问题
I was trying to make a recursive function that can calculate the Fibonacci of the enter number, by the way I got stuck on how to get the values obtained by the recursion.
#!/bin/bash
#Function - Fibonacci
fib()
{
number=$1
if (( number < 2 ))
then
(( tmp = number ))
else
((--number))
term1=$(fib $number)
((--number))
term2=$(fib $number)
(( tmp = $(( term1 + term2 )) )) #Problem is here
fi
(( result = $result + tmp ))
return $result
}
#Main Program.
fib $1
echo fib $1 = $?
Can someone help me?
回答1:
There are a couple of issues with your code. You cannot use $? for any useful arithmetic because the number wraps around at 255. And the embedded $((...)) is not useful at all -- you are already in arithmetic context inside the double parentheses.
#!/bin/bash
fib()
{
local number term1 term2 # Avoid leaking to main scope
number=$1
if ((number < 2))
then
((tmp=number))
else
((--number))
term1=$(fib "$number")
((--number))
term2=$(fib "$number")
((tmp=term1+term2))
fi
((result=result+tmp))
printf '%s\n' "$result"
}
#Main Program.
fib "$1" # Quote argument properly!
Inside the (( arithmetic parentheses )) you don't need the $ in front of variables; it's harmless, but you should probably try to be consistent.
As with any naïve Fibonacci implementation, this is hugely inefficient. It would be smarter to calculate the head of the sequence once in a helper function, then pull the final result and display it.
#!/bin/bash
fib2() {
local f
((f=$1+$2))
printf '%i %i\n' "$f" "$1"
}
fib()
{
local i j
j=$1
shift
for((i=1; i<j; ++i)); do
set -- $(fib2 ${1-1} ${2-0})
done
printf '%s\n' "${1-$i}"
}
#Main Program.
fib "$1"
回答2:
I ran your code and I see that the numbers don't get returned when it is less than 2. It keeps decrementing the values and goes on to finding fibonacci of negative numbers. And probably that is the reason why it is giving strange results (this is after applying the fix given by Armali).

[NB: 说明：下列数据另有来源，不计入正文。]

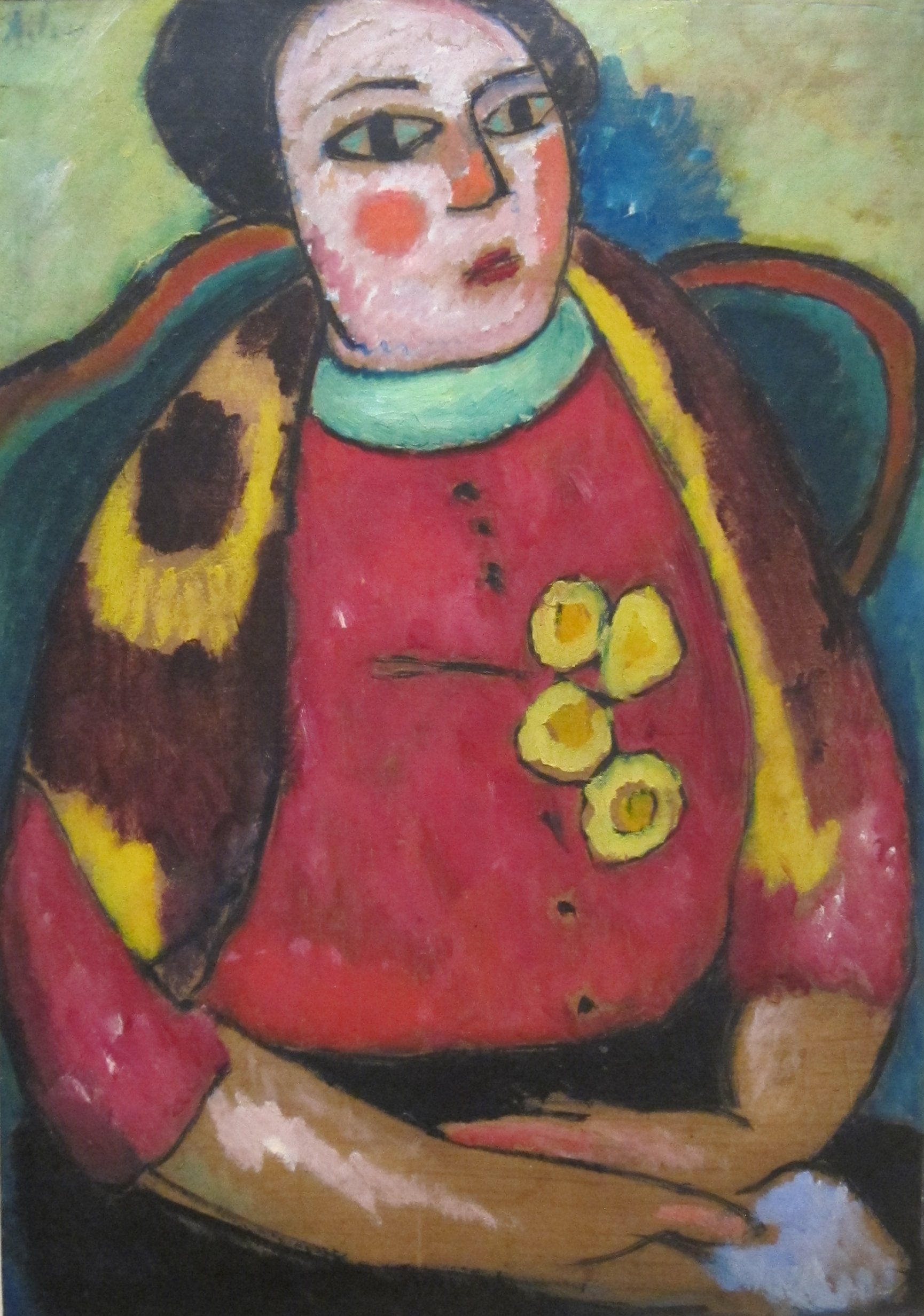 Femme assise - Alexej von Jawlensky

I am not sure if the syntax of these arithmetic operations are right as you have also pointed out in the line where you add results from the methods.

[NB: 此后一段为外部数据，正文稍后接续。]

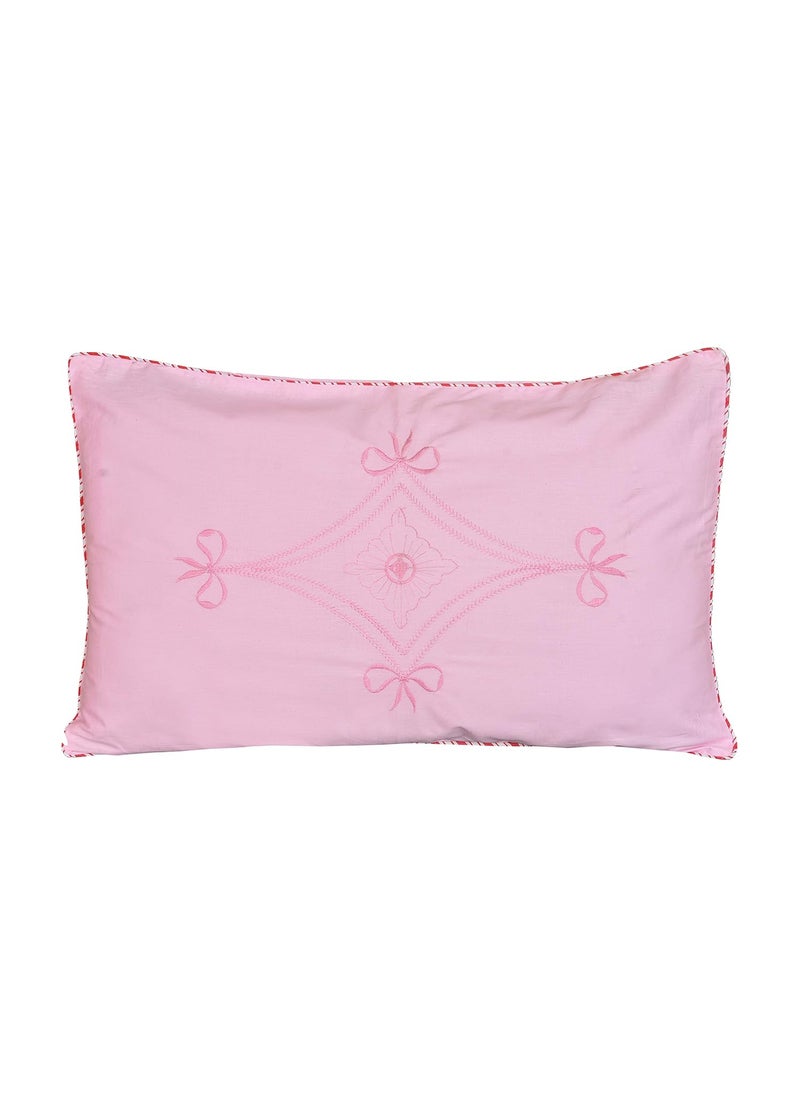 HSR Collection 100 Pure Cotton 300TC Standard Size Flower Design Embroidery Pillow Covers Set of 6 18x28 Multicolor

Check out this link which shows recursive function in bash but it prints the value rather than return. http://tldp.org/LDP/abs/html/recurnolocvar.html
What I understand is, there is some problem in the way the local variables are handled in bash recursive script. I see that when the function is calling the second time after the second decrement, the return value of the first call is over-writing the original number value leading to negative numbers and hence strange results. There must be some other way to handle return values in recursive calls.
回答3:
I do believe that you know "coding FIBONACCI with recursion is NOT a good idea".
recursive Fib() -> O(2^n)
iterative Fib() -> O(n)
Please reference to this youtube video.
回答4:
Re tripleee's answer: this can be done much faster still.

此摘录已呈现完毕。